(Saved entries)
+++
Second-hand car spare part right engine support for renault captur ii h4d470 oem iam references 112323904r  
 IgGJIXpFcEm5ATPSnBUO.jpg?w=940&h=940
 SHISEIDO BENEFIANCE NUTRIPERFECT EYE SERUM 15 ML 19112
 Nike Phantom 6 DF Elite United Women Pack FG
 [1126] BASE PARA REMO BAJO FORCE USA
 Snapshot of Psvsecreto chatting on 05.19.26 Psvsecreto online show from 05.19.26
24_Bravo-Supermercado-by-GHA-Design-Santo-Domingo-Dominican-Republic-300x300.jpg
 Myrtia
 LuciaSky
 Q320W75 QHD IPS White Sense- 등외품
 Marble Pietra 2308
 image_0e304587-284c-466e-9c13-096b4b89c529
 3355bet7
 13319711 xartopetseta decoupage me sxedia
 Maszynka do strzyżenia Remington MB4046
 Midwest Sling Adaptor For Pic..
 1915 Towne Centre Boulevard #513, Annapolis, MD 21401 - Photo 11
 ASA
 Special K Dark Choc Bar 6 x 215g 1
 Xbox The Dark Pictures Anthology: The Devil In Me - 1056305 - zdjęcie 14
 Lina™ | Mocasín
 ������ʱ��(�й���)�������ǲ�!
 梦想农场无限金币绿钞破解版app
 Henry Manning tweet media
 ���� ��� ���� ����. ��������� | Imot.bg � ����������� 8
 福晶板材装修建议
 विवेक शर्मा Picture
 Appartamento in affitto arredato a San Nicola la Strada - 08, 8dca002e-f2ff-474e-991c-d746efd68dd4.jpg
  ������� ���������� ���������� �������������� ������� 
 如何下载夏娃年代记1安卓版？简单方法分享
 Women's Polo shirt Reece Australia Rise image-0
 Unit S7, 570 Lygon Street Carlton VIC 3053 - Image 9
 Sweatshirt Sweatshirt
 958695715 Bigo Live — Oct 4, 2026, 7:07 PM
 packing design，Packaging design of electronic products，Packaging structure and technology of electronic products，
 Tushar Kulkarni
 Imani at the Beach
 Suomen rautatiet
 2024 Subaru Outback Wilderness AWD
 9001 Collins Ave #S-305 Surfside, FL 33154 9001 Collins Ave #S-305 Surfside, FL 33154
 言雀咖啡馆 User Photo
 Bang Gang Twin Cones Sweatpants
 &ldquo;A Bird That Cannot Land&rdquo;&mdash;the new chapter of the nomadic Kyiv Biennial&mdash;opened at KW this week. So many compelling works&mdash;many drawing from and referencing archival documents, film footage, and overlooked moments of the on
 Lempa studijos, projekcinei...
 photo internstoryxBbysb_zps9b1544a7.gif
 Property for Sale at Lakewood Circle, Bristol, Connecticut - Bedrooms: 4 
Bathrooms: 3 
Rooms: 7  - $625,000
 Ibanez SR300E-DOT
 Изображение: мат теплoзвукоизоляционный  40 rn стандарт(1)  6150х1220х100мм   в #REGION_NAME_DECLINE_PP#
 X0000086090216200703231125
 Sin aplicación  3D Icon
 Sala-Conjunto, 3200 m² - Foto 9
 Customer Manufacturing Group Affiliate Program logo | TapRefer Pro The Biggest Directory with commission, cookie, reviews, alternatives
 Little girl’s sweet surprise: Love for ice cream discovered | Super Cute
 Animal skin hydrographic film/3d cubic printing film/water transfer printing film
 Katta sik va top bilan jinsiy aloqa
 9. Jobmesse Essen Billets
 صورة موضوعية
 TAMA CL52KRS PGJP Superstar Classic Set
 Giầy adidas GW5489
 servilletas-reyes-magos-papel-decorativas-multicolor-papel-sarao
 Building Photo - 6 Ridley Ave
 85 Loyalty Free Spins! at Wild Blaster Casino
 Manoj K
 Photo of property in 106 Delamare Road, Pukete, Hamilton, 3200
+++
▸ Problem
Show the lines where the word "film" appears in the entries.

▸ Written response
 &ldquo;A Bird That Cannot Land&rdquo;&mdash;the new chapter of the nomadic Kyiv Biennial&mdash;opened at KW this week. So many compelling works&mdash;many drawing from and referencing archival documents, film footage, and overlooked moments of the on
 Animal skin hydrographic film/3d cubic printing film/water transfer printing film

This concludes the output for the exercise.